Heres the key point in that ramble thats kinda a big deal: getting "level 3" quality memory locality for both sparse and dense linear algebra. I think I've "solved" that, though ultimately the reality of benchmarks will tell me over the coming few weeks if I have or not.

Likewise, I think I have a cute way of using all of this machinery to give a sane performance story for larger than ram on a single machine linear algebra! Theres going to be some inherent overhead to it, but it will work, and doing a cache oblivious optimal dense matrix multiply of 2 square 4gb+ ish sized matrices on a macbook air with 4gb of ram is going to be be a cute benchmark where no other lib will be able to do out of the box. Likewise, any sparse linear algebra will have lower flops throughput than its dense equivalent, but thats kinda the price you pay for sparse.

What I find very very interesting is that no ones really done a good job of providing sparse linear algebra with any semblance of memory locality. I kinda think that I have a nice story for that, but again, at the end of the day the benchmarks will say.

I at the very least hope the basic tech validates, because there needs to be a good not gpl lin alg suite with good perf for haskell. Hmatrix being gpl has cock blocked the growth of a nice numerics ecosystem on hackage /in haskell for years, and its about time someone puts on some pants and fixes that.

Assuming the tech validates, I really hope the biz validates too (despite me likely making various pieces open source in a BSD3 style way to enrich the community / get hobbyist adoption / other libs written on top, people in haskell land try to avoid using libs that use licenses that arent BSD/MIT/Apache styles), because theres so much more that needs to be done to really have a compelling toolchain for data analysis / numerical computation / machine learning / etc, and I really really like spending my time building better tools. Building the rest of that stack will be outlandishly tractable assuming my linear algebra tech validates having the right regimes of performance on large matrices. (amusingly, no one ever benchmarks linear algebra tools in the 1+gb regime, and i suspect thats because at that point, vectorization means nothing, its all about memory locality memory locality, and a dash of cache aware parallelism).

thats the vague version :)

And thats also not even touching my thoughts on the analytics / data vis tools that go on top. (or the horrifying fact that everyone is eager for better data vis tools, even though most data vis work is about as valuable as designing pretty desktop wall papers to background your power point presentations.... so even if i get everything working... I have a horrifying suspicion that if i allowed unsophisticated folks to use the tools, most of the revenue / interest would be around data vis tooling! Which would mostly be used to provide their customers/end users with pretty pictures that make them feel good but don't help them!)

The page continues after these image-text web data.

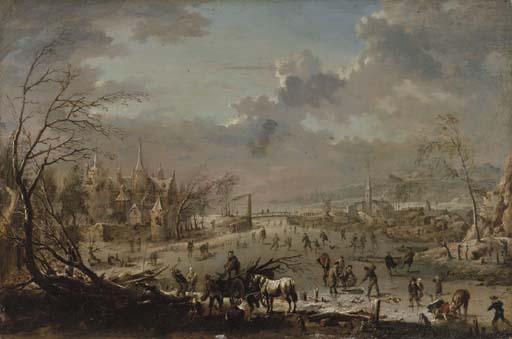 Jan Pieter Van Bredael I - A winter landscape with villagers skating on a frozen river and wood-gatherers with a horse and wagon in the foreground, a castle beyond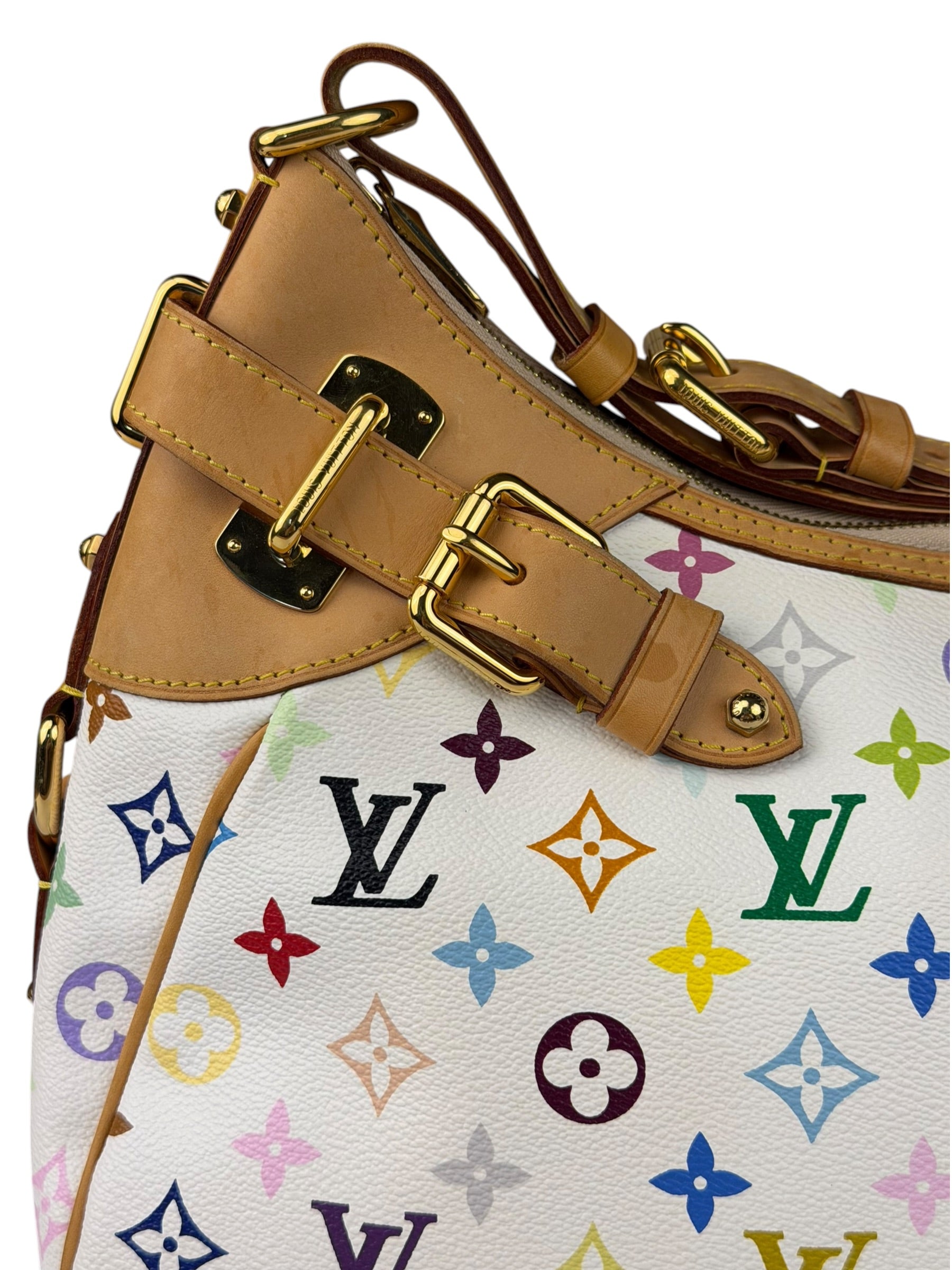 Louis Vuitton White Murakami Greta Hobo Shoulder Bag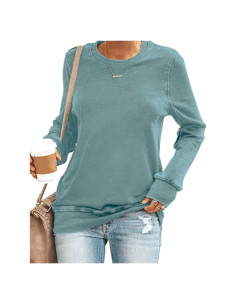 Sudadera Casual SENSERISE Mujer Manga Larga Gris Azul Mediana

Point being: i want to be able to say "you understand math, you understand your problem domain, and you can learn stuff. Spend 2-3 weeks playing with haskell and my tools, and you'll be able to focus on applying the math to your problem domain like never before, because you didn't even realize just how terrible most of the current tools out there you were wrestling with are!"

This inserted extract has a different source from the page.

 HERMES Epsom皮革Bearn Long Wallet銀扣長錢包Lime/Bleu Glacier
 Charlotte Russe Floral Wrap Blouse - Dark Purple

carterschonwald · on April 15, 2013

I really really really hope the biz+tech combo validates... because then I could occasionally stop and think "holy fuck, I'm bootstrapping my fantasy job / company, the likes of which I imagined / dreamed of as way back as middle school and high school!"

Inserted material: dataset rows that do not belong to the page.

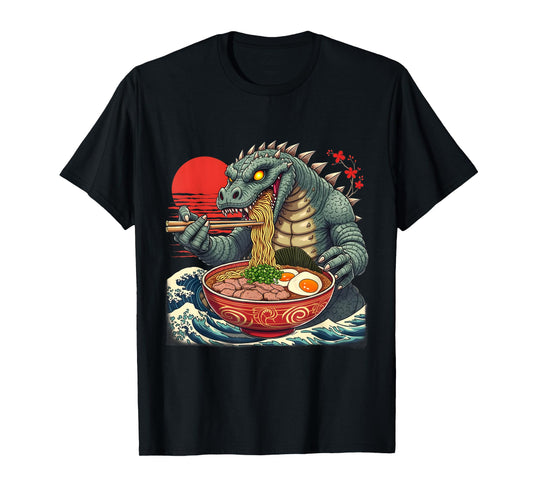 Kaiju Noodles Japanese Ramen Art Design T-Shirt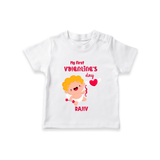 My First Valentine's Day - A Day Full of Sweet Surprises Customized T-Shirt For Kids With Name - WHITE - 0-5 Months Old (Chest 17")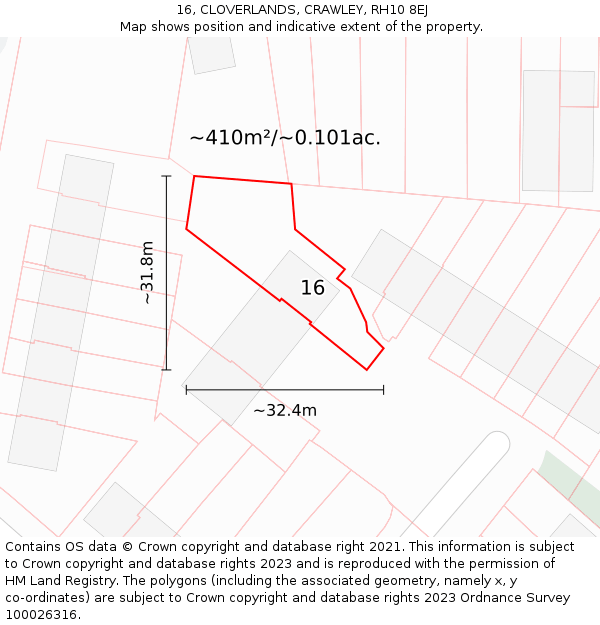 16, CLOVERLANDS, CRAWLEY, RH10 8EJ: Plot and title map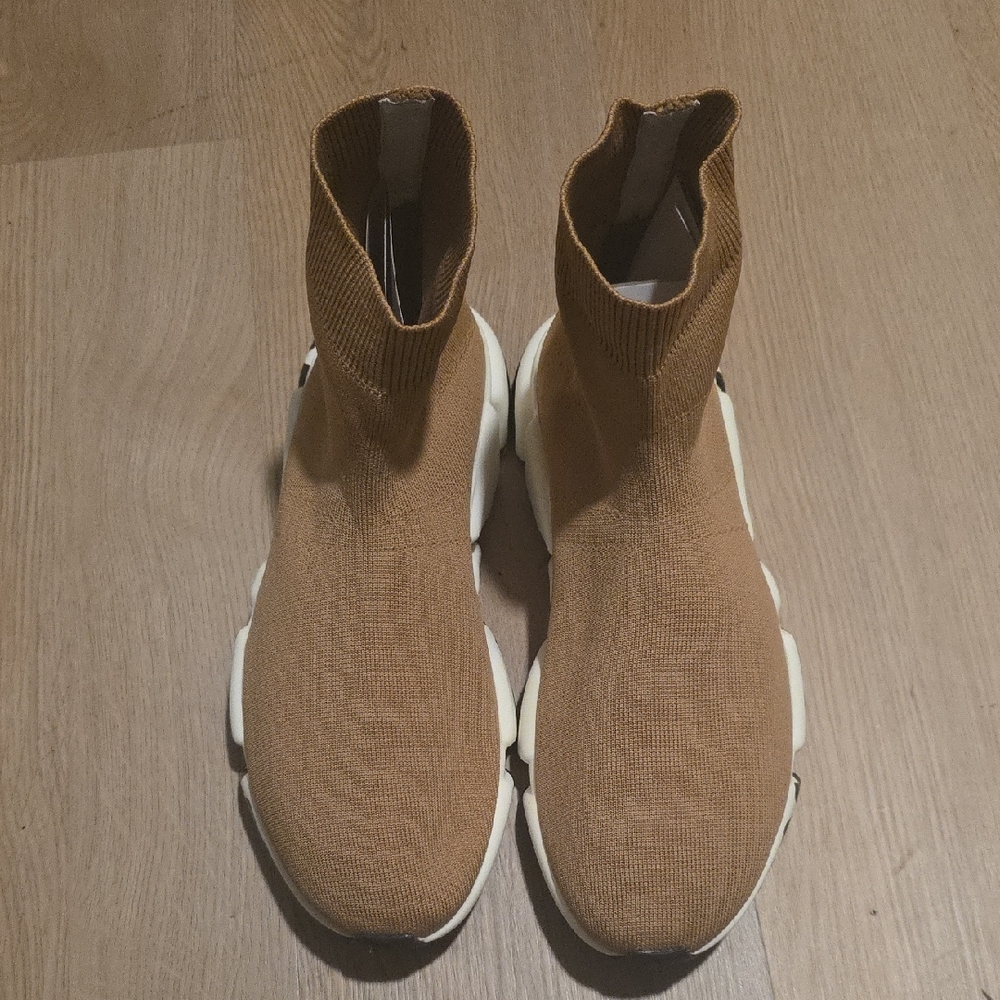 Tan Balenciaga Sneakers With Graffiti Writing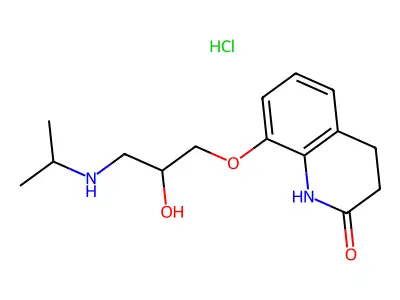8-(2-Hydroxy-3-isopropylamino)propoxy-3,4-dihydrocarbostyril hydrochloride structure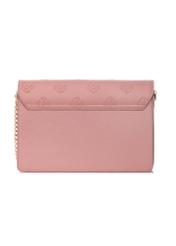 Pink women's handbag with monogram TOREC-0536-5D(W26) - product view from the back, on a white background.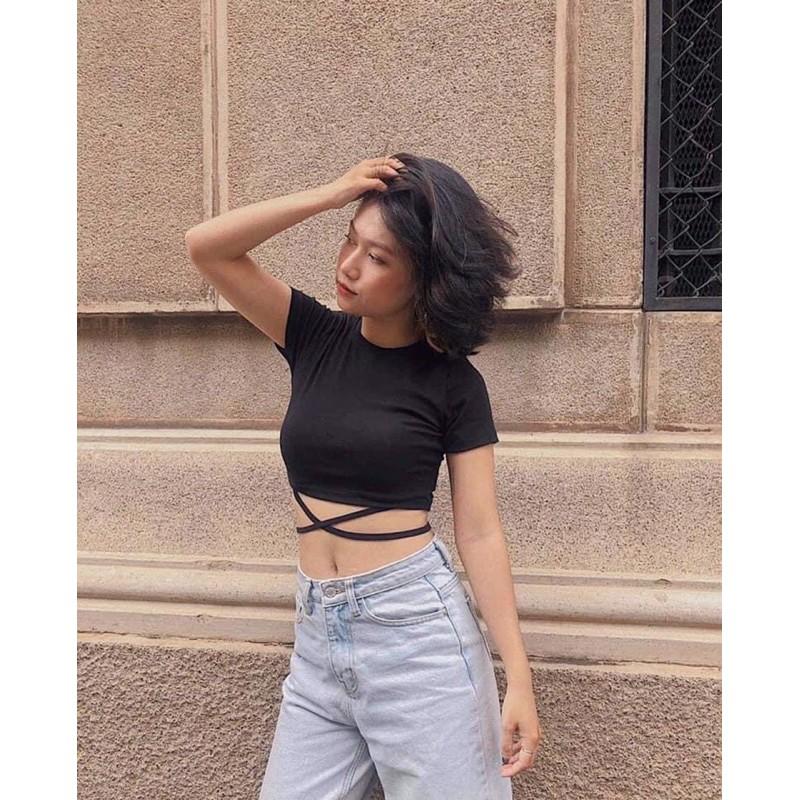 Áo Croptop Cổ Tròn TN Buộc Dây Eo Sexy AN01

Realistically theres 3 different outcomes:

the tech doesnt validate (and thus the biz doesnt either) --- then i'm looking for a day job ... (and I'm pretty darn egomaniacal and loud, finding a good fitting dayjob would take a bit of work!)

the tech works yet the business doesnt --- Not sure how that would happen esp since no investors means enough income to support myself would still be a successful business, though I guess i'd have some compelling portfolio work if I went job hunting

the tech and biz both validate, and earning enough to move out of my parents --- magic pony fantasy land of awesome. what more could anyone want? MORE AWESOME PROBLEM DOMAINS THAT NEED BETTER TOOLS (i mean, that would really be sort of the ideal, but remains to be seen if that can happen.)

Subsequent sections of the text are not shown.